The subduction of carbon to the deep mantle via subduction zones is interrupted by outputs via the fore-arc, volcanic front, and back-arc regions. Whereas output fluxes for arc and back-arc locales are well constrained for the Central America Volcanic Arc (CAVA) [1-2], the fore-arc flux via cold seeps and ground waters is poorly known. We present new He and CO₂ data (isotopes and relative abundances) for the volcanic front and inner fore-arc of western Panama to complement on-going studies of fore-arc C-fluxes in Costa Rica [3-4] and to determine tectonic controls on the fore-arc C-outgassing fluxes.

Helium isotope (³He/⁴He) values at Baru, La Yeguada, and El Valle volcanoes are high (5-8R_A), consistent with results for other Central America volcanoes. However, CO₂/³He values are variable (from > 10¹² to < 10⁸). Baru has an arc-like δ¹³C of - 4‰, whereas the other volcanoes have δ¹³C < -10 ‰. Cold seeps collected in the coastal fore-arc of Panama show a trend of decreasing He-isotopes from west (~6R_A) to east (~1R_A). This trend is mirrored by δ¹³C (-5‰ to <-20‰) values. CO₂/³He values of the seeps are also variable and fall between 10⁶ and 10¹².
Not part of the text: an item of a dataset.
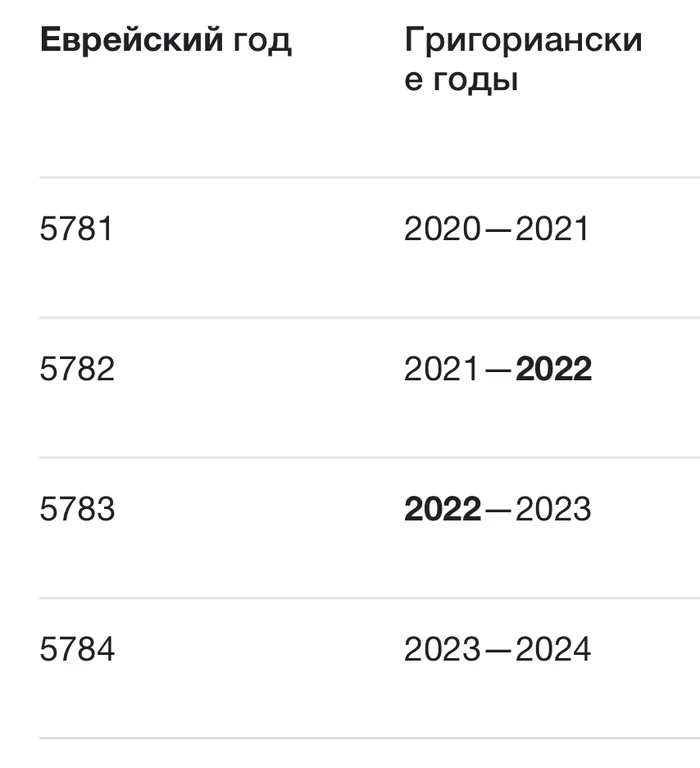 Чем закончился 2022? - Юмор, Евреи, Календарь, 2022,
Using CO₂/³He-δ¹³C mixing plots with conventional endmember values for Limestone, Organic Sediment and Mantle CO₂, we show that several Panama samples have been extensively modified by crustal processes. Nevertheless, there are clear west-to east trends (both volcanoes and coastal seeps), whereby L dominates the CO₂ inventory in the west, similar to Costa Rica, and S-derived CO₂ increases eastward towards central Panama. Previously [4], we limited the Costa Rica subaerial fore-arc flux to ~ 6 × 10⁷ gCkm^-1yr^-1, or ~ 4% of the total incoming sedimentary C-load. This flux diminishes to zero within ~400 km to the east of Baru volcano. The transition from orthogonal subduction of the Cocos Plate to oblique subduction of the Nazca Plate, relative to the common over-riding Caribbean Plate, is the major impediment to slab degassing towards the southern terminus of the CAVA. [1] Shaw et al., 2003, EPSL; [2] De Leeuw et al., 2007, EPSL; [3] Furi et al, 2010, G-cubed; [4] Hilton et al. 2014, Fall AGU.